▸ **Task brief**: Of all the entries below, only the lines from the one with "Land Rover Range Rover Sport" up to and including the one with "Wehrli 13-18 Cummins" are to be duplicated exactly.

▸ **Study material**:
====
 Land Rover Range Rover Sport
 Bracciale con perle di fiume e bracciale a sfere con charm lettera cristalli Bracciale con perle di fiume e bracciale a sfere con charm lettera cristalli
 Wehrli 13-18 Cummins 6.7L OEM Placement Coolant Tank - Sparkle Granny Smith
====
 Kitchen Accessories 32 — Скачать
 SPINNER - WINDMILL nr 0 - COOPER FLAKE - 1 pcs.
====
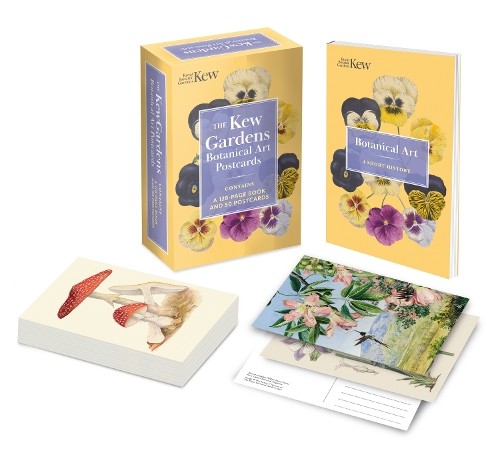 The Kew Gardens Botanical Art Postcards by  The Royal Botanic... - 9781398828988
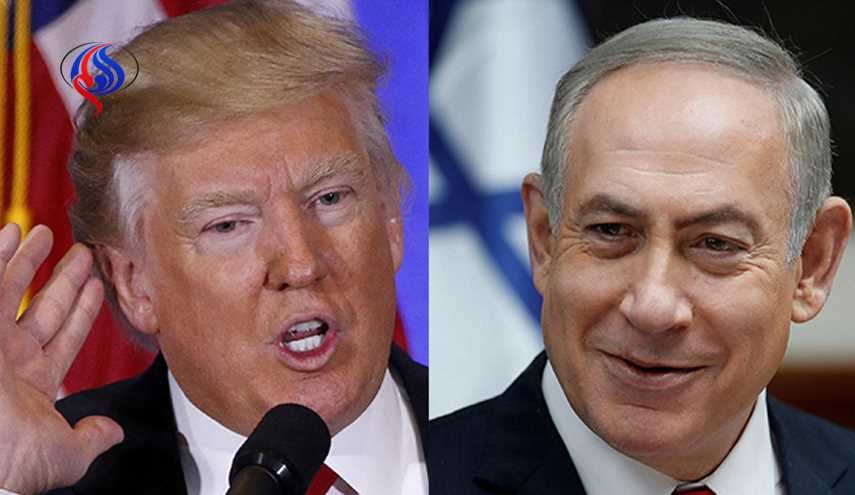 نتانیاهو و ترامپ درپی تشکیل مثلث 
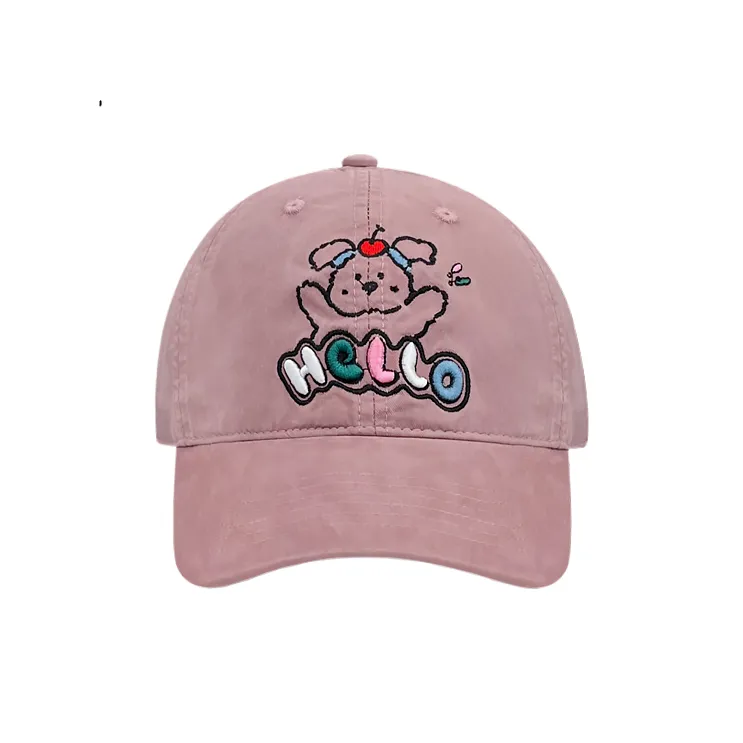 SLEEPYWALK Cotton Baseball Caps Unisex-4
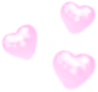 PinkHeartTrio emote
====
▸ **Solved problem**:
 Land Rover Range Rover Sport
 Bracciale con perle di fiume e bracciale a sfere con charm lettera cristalli Bracciale con perle di fiume e bracciale a sfere con charm lettera cristalli
 Wehrli 13-18 Cummins 6.7L OEM Placement Coolant Tank - Sparkle Granny Smith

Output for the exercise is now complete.